踏み出そう<前編>




好き
好き
大好き




◆◇◆◇◆◇





書類のチェックをする彼の柔らかそうな髪を見つめる。
気付いたのはつい最近。

細く長い指が文章をなぞる。
背もたれに体を預け、彼は少し息をついた。



「うん、問題ないよ。お疲れ」



それに一礼し、口元を緩めた。
いや笑みはこの部屋に入ってからずっとかもしれない。

判の押された書類を受け取り、彼の目を見詰める。



「じゃあ、山本さんの所に持っていけばいいですか?」



「悪いね、助かるよ」



「いえいえ。
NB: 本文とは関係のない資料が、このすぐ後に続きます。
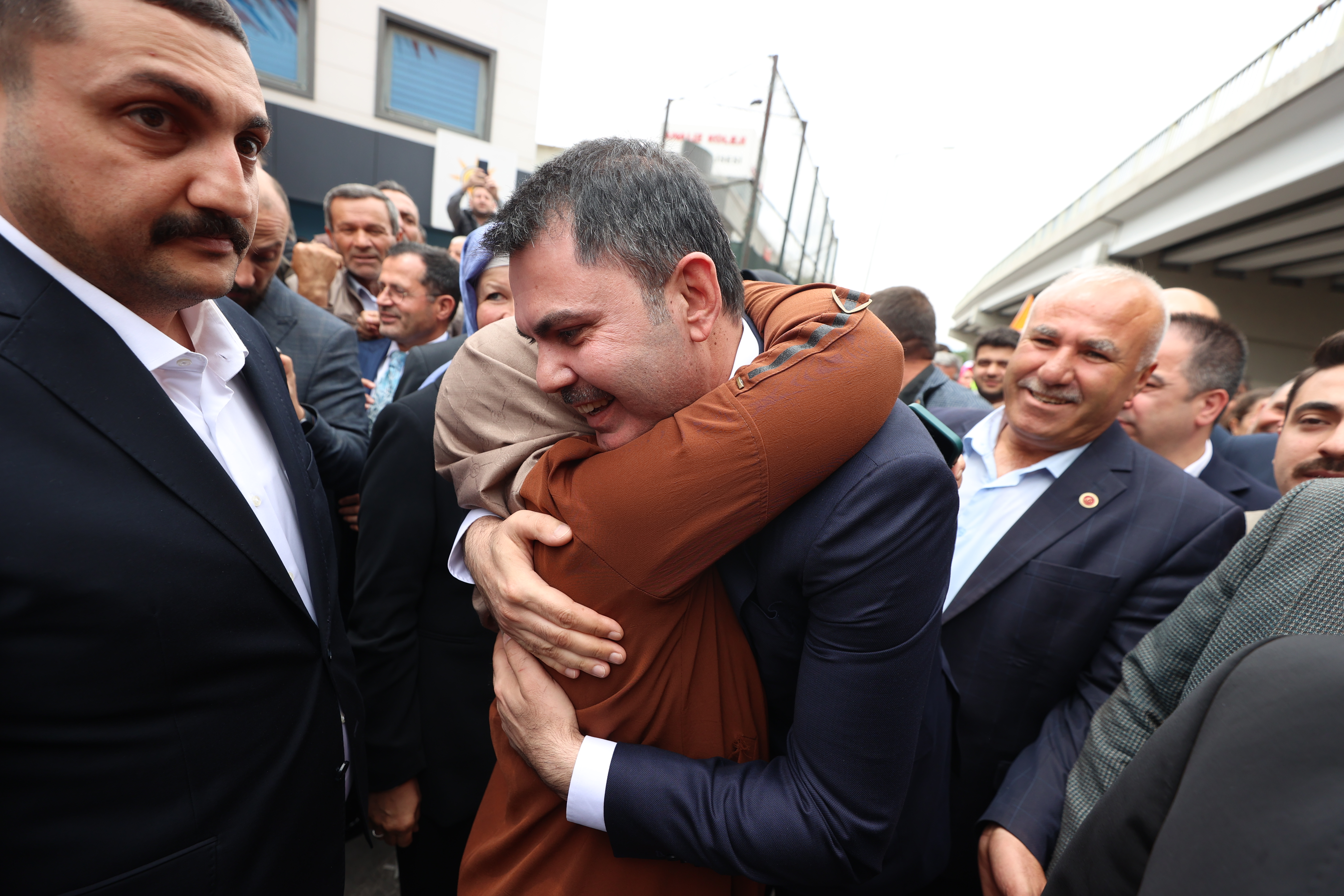 BAKAN KURUM: SÖZ TUTMAK NASIL OLURMUŞ DEPREM BÖLGESİNDE GÖSTERECEĞİZ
行ってきますね」



部屋を出て、緩んだままの頬に気付いた。
口角を手で下げる。

好きな人が、できたみたい。
その人を見ると、話すと、幸せで仕方ないの。
近付きたい、触れたいと望んじゃう。
相手は直属の上司で、私達のトップなのに、ね。




◆◇◆◇◆◇





「あー、疲れた!!」



机に突っ伏したまま叫ぶ。
街の巡回の日に、書類整理も重なったのだ。

しかしそれもほとんど終わり、残すところ数枚となった。
頬杖をつきながら書類に目を走らせる。



トントン



ノックの音に顔を上げる。
こんな時間に誰だろう。
日付も変わるかという時間だ。



「はい、どうぞ」



言いながら椅子ごと少し下がる。
開いた扉から柔らかい茶髪が覗いた。



「結いる?」



反射的に立ち上がり姿勢を正す。
それに苦笑し、彼はゆっくりと部屋に入って来た。



「そんな硬くならなくていいよ」



「あ、そうですか?」



瞬間、緊張を解いてだらりと姿勢を崩した。
その豹変ぶりと速さに綱吉は吹き出す。



「君はほんとに……ははっ…相変わらずだね」



笑いをこらえきれないまま彼は言った。
その様子に思わず笑ってしまう。



「それどういう意味ですか!馬鹿にしてるでしょ、ボス!」



少し膨れて見せれば、彼はいたずらっぽく微笑んだ。
そんな顔も好きだ、なんて重症なんだろうな。

この瞬間が、空間が、空気が好き。
自惚れでもなんでもなく、たぶん彼と一番仲のいい部下は、幹部を除けば私だ。
だからこそ、これ以上踏み込めないというのもある。

告白なんてしたら、きっとこの心地好い空間が壊れてしまうんだろう。
なら別にこのままでもいい。
そう思ってしまうの。




◆◇◆◇◆◇





大きなため息をつく。
自然と視線が向くのは、いつも彼が入って来る扉。

いつも来る訳じゃない。
だけど来るかもしれないとドキドキするのが楽しいのだ。

彼はこの数日間、日本に行っている。
なんでも仕事のついでに懐かしい友人に会うのだとか。

つまりこの部屋に来る可能性はゼロ。



「はあ…」



仕事もとっくに終わってしまった。
来るはずのない人を待っている自分に、笑ってしまう。

会いたい。

一度頭に浮かんだ言葉は、そう簡単には消えてくれない。
いつも当たり前に会える人。
たった数日会えないだけで、こんなにも心が重い。

日本にいる間、連絡は取れるから。

彼の言葉を思い出し、気分が沈む。
連絡取りたいけど、用事なんてないじゃない。
携帯に彼の連絡先を出し、通話ボタンに触れては、電源ボタンを押す。
その繰り返しだ。



「………帰ろ」



ボンゴレ本拠地内にある自室に向かおうと、扉に向かった。



トントン



「うえっ?!はい?」



驚きのあまり、変な声が出てしまう。
だけど扉が開いた後の方が、驚きだった。
ぱくぱくと口を動かす。



「あ、やっぱりいた。…ってどうしたの?変な顔して」



「え、あ、っていうか何でここにボスが…」



綱吉は部屋に入ると、その辺の椅子に座った。



「結も座りなよ。電気ついてるのが見えたから、まだいるのかなって」



促されるままに、机を挟んで彼の前に座る。
綱吉は笑いながら結を見た。



「残業なんて珍しいね。俺がいないからってサボってた?」



「違いますよ!ぼーっとしてたらこんな時間で…。今から帰るとこです」



あなたのことを考えて、なんて言えないけど。



「そう?じゃあついでに連絡。明日昼ご飯持って来てくれない?食堂まで行く時間なさそうでさ」



「はーい。了解です」



ふざけて敬礼して見せ、立ち上がる。
つられるように綱吉も立ち上がった。